━━ Data excerpt

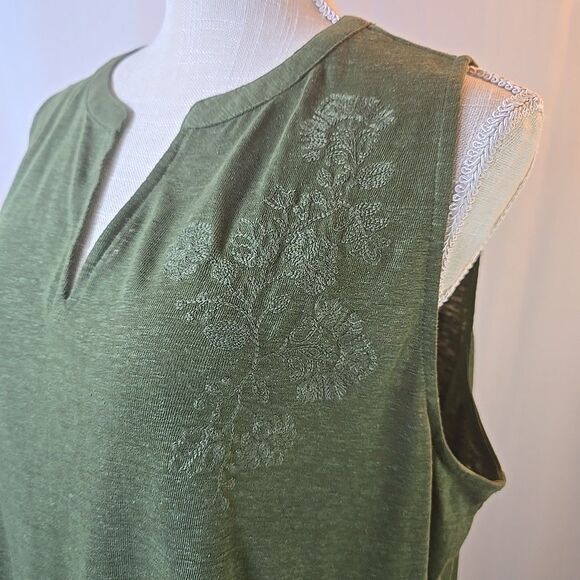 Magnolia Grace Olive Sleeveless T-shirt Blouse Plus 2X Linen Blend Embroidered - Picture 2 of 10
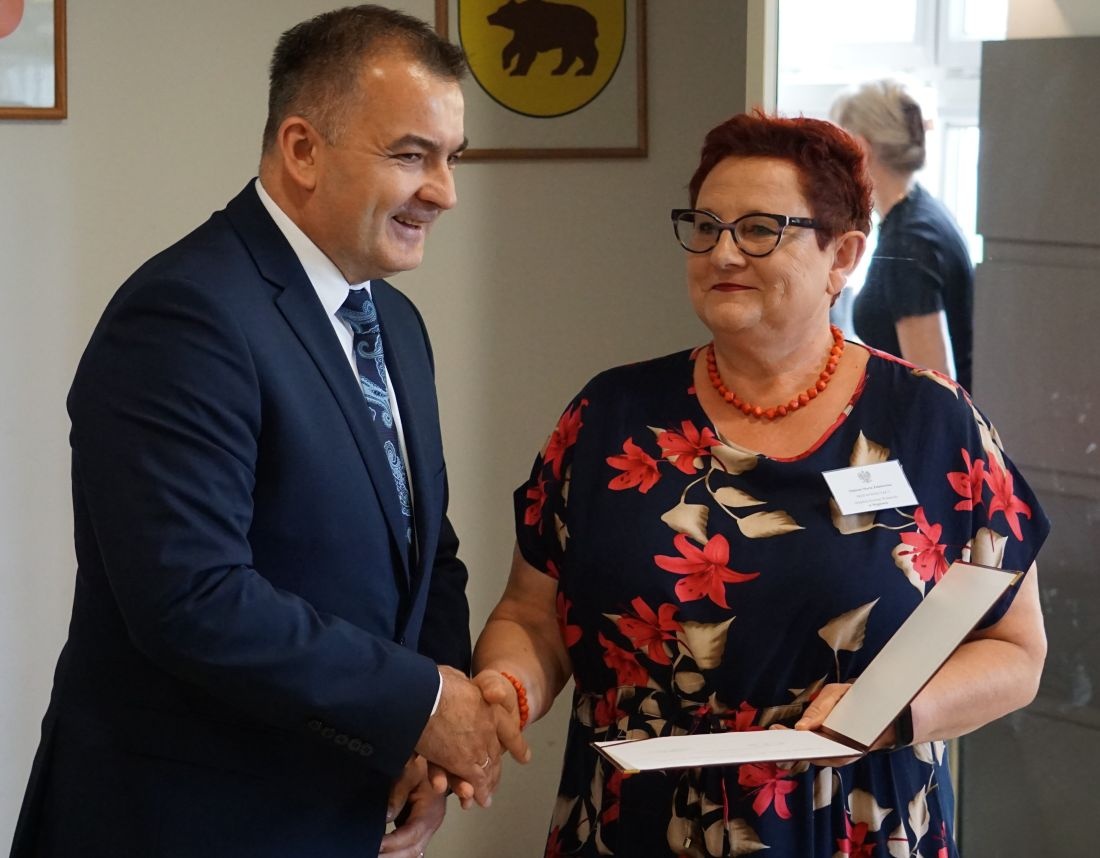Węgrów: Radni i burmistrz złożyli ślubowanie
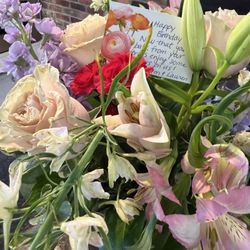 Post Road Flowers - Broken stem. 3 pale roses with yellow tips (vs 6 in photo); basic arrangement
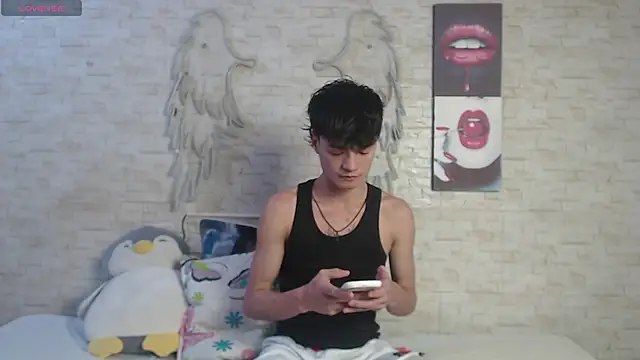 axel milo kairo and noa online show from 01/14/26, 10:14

━━━━

Aim of the exercise> Each line from the one with "Post Road Flowers" to the end of the material needs to be output word for word, with no picture included.

Expected output>
 Post Road Flowers - Broken stem. 3 pale roses with yellow tips (vs 6 in photo); basic arrangement
 axel milo kairo and noa online show from 01/14/26, 10:14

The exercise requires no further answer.